Tepary bean ( Phaseolus acutifolius
A. Gray) is a strategic germplasm for genetic improvement of the common bean ( Phaseolus vulgaris
) for resistance to various stresses including drought. However, its potential for this purpose has not been evaluated. It is imperative that the potential of various genotypes of tepary bean as genetic improvement materials is evaluated. In the present study, tepary line NE#19 had higher seed yield and greater seed size than NE#5 under well-watered conditions in the field at Assiut, Egypt. Drought reduced seed yield of both lines but NE#19 had higher seed yield, and its seed size was not affected. Both lines had comparable shoot dry mass and root depth under drought. However, line NE#19 developed fibrous roots of greater mass than NE#5 in response to drought, especially, in deep soil profile (40 to 50 cm). Root/shoot ratio was high and the portion of leaf area supported by the mass unit of root was small in NE#19. Additionally, the leaves of this line exhibited a reduced stomatal conductance in response to progressive drought. However, biochemical assessment indicated that NE#5 and not NE#19 can completely recover after rehydration of severe dehydrated leaves in terms of chlorophyll (Chl
) contents and Chl a
fluorescence parameters (F0
), reduced tocopherol and lack of alteration in malondialdehyde release.

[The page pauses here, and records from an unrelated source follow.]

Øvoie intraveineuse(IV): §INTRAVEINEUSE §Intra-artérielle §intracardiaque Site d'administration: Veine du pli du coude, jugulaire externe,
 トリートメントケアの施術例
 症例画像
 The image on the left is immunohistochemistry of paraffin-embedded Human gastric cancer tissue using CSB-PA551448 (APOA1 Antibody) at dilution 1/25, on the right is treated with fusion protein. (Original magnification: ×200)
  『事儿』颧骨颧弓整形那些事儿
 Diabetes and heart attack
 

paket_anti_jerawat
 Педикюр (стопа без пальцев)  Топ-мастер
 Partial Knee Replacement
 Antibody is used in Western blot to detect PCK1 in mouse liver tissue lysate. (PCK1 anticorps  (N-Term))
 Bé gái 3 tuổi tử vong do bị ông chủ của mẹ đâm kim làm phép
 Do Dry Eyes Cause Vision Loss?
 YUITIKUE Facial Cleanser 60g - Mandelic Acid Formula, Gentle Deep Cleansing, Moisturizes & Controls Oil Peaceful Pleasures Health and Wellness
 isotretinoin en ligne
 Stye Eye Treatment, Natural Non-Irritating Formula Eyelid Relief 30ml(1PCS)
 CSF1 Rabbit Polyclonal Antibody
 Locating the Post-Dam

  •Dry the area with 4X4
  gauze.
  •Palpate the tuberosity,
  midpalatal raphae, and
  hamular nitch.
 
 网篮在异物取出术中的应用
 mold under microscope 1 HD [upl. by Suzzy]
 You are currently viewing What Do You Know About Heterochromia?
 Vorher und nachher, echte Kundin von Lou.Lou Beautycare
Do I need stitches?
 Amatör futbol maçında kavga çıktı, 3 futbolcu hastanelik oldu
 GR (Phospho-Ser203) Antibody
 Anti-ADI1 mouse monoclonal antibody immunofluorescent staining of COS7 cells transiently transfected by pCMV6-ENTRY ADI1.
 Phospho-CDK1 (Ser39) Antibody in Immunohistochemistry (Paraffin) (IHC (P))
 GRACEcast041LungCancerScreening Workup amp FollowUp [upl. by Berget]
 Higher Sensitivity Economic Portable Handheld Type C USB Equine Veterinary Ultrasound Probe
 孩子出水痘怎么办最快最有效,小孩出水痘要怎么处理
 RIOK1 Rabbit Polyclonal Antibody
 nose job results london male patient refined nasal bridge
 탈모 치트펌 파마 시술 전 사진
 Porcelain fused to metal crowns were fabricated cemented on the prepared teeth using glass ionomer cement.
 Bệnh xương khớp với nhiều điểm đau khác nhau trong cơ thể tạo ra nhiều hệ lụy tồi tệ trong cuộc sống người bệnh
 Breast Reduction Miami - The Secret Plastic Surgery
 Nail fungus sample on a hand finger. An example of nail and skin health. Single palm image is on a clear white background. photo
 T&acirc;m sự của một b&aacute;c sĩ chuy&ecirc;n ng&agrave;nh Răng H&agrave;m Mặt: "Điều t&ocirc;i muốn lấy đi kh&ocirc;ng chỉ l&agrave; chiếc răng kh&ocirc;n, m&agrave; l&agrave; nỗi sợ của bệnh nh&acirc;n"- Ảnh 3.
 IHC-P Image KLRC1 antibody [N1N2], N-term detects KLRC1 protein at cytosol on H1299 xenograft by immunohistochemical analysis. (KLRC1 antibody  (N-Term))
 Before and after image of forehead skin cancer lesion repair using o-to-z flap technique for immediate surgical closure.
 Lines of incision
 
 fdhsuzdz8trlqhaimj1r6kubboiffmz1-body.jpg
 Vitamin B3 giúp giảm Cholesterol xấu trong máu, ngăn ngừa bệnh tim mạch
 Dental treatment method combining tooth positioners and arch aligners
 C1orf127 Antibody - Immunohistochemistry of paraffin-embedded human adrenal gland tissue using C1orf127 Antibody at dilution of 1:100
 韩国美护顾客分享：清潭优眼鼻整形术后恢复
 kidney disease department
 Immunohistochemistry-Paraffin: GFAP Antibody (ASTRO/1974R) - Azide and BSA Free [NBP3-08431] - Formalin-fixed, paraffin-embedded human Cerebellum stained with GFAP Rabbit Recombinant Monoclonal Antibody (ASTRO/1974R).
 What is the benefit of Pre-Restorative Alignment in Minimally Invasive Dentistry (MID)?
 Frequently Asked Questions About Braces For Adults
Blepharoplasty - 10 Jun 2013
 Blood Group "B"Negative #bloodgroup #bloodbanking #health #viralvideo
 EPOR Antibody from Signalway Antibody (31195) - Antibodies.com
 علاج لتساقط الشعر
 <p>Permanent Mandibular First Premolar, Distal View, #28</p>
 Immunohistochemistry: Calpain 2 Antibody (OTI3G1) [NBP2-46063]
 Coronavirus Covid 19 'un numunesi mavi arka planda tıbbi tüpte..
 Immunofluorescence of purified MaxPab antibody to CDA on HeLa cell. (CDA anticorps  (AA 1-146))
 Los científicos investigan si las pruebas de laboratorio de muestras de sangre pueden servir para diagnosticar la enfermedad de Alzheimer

This was due to a prominent antioxidative role of peroxidase activity during the stress period. It is concluded that the potential drought postponing traits of NE#19 enabled it to sustain normal seed filling and to produce high seed yield. Line NE#5 was regarded as tolerant to severe drought and may not suffer great reduction in seed size and yield if given supplemental water during the critical phase of seed filling. Diversity in drought postponing and tolerance of the two lines may be of further interest to bean breeders.